__WHAT NEEDS TO BE DONE__. Gather, from the data below, each line in which the word "Stock" occurs.

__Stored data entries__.
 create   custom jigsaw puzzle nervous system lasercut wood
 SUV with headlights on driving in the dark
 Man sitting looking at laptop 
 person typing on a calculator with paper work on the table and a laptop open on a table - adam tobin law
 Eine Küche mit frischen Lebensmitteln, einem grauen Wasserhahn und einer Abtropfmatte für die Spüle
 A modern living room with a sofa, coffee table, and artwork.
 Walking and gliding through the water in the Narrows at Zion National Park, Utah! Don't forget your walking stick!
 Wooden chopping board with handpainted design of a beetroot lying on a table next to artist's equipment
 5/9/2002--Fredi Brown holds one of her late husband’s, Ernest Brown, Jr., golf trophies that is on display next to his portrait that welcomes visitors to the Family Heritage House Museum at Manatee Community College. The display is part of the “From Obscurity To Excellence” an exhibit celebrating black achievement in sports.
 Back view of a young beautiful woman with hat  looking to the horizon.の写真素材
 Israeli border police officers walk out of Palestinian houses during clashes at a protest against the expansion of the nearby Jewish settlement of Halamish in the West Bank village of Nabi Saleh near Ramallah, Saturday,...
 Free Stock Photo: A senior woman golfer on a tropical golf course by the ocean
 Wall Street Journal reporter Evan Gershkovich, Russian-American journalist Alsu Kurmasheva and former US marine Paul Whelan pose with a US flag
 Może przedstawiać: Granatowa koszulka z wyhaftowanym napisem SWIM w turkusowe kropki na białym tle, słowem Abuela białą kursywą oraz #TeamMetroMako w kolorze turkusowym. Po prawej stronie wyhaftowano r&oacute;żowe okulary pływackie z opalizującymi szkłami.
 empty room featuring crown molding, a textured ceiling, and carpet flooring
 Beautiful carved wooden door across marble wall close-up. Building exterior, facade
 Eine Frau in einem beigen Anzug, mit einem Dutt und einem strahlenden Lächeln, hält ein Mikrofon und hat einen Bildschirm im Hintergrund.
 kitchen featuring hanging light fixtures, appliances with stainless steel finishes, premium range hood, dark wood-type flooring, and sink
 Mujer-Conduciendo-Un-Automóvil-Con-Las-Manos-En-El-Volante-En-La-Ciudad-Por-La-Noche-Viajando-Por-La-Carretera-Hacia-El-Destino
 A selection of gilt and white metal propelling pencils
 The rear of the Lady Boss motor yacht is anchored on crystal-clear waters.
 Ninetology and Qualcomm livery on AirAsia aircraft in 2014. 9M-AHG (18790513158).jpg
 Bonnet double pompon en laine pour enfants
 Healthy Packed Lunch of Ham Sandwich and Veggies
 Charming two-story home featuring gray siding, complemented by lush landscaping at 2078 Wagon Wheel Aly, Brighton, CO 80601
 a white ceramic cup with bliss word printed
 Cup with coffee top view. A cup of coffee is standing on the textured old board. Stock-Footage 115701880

__REPLY__.
 Free Stock Photo: A senior woman golfer on a tropical golf course by the ocean
 Cup with coffee top view. A cup of coffee is standing on the textured old board. Stock-Footage 115701880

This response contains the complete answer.